There’s been a lot of chatter in Silicon Valley recently around service mesh architecture. But what exactly is a service mesh? Why do we need one for microservices? Aren`t existing platforms like Kubernetes and Cloud Foundry enough to handle microservices?

Why service mesh?

Microservices and containers have changed application design and deployment patterns. They’ve also brought with them some new challenges, such as service discovery, routing, failure handling, and visibility to microservices. And while PaaS platforms like Cloud Foundry are great for deploying microservices, they were created with a view of simplifying application deployment across multiple runtimes. Similarly, Kubernetes can handle multiple container-based workloads, including microservices, but when it comes to more sophisticated features like traffic management, failure handling, and resiliency, both the platforms leave a lot to be desired.

Imagine an application that is broken down into multiple microservices; each microservice has multiple instances, and each deployed instance has multiple versions. Typically, even a simple application deployment with this kind of model can span hundreds of microservices. When an application deployment gets this large, distributed, and complex, the result is often failure. But you need to fail fast and recover quickly. You need a mechanism that is fault-tolerant, one that provides more visibility and control into the complex network of microservices and ensures reliable, secure, and timely communication between them.

For this deployment model, we need to keep track of the traffic flow between microservices, route traffic for microservices based on request content or traffic origination point, and handle failures in a graceful manner when a number of microservices are not reachable. We also need to enforce strong identity assertion between services and limit the entities that can access a service. Most importantly, we want to do all this without changing the application code.
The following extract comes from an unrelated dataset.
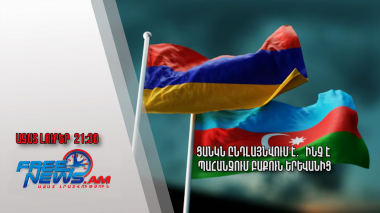 Ցանկն ընդլայնվում է․ ինչ է պահանջում Բաքուն Երևանից. Ազատ լուրեր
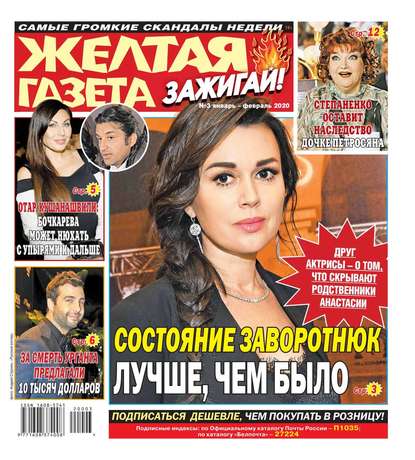 

Желтая Газета. Зажигай! 03-2020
Service mesh architecture was created to handle these requirements. Think of a service mesh as a network of interconnected devices with routers and switches, except in this case the network exists at the application layer (layer 7), nodes are services, and routing, delivery, and other tasks are off-loaded to the service mesh. The goal is to get a request in a reliable, secure and timely manner across this mesh of microservices from origination to destination microservice.

Typically, this is achieved by using “proxies” to intercept all incoming and outgoing network traffic. Proxies in a service mesh architecture are implemented using the sidecar pattern: a sidecar is conceptually attached to the main (or parent) application and complements that parent by providing platform features. With this kind of model, your microservice can use the sidecar either as a set of processes inside the same microservice container or as a sidecar in its own container to leverage platform capabilities such as routing, load balancing, resiliency, in-depth monitoring, and access control.

Istio: A service mesh architecture implementation

Istio is a service mesh created through a collaboration between IBM, Google and Lyft. It uses the sidecar pattern, where sidecars are enabled by the Envoy proxy and are based on containers. By injecting Envoy proxy servers into the network path between services, Istio provides sophisticated traffic management controls, such as load-balancing and fine-grained routing. This routing mesh also enables you to extract a wealth of metrics about traffic behavior, which can be used to enforce policy decisions such as fine-grained access control and rate limits that operators can configure. Those same metrics are also sent to monitoring systems.

Istio achieves this by deploying:

  • A control plane that manages the overall network infrastructure and enforces the policy and traffic rules
  • A data plane which includes sidecars implemented using Envoy, an open source edge proxy

Apart from Envoy proxy, key components of Istio are:

  • Istio Pilot (for traffic management): In addition to providing content and policy-based load balancing and routing, Pilot also maintains a canonical representation of services in the mesh.
  • Istio Auth (for access control): Istio Auth controls access to the microservices based on traffic origination points and users, and also provides a key management system to manage keys and certificates.
  • Istio Mixer (for monitoring, reporting, and quota management): Istio Mixer provides in-depth monitoring and logs data collection for microservices, as well as collection of request traces. It uses Prometheus, Grafana, and Zipkin to provide some of these in-depth metrics.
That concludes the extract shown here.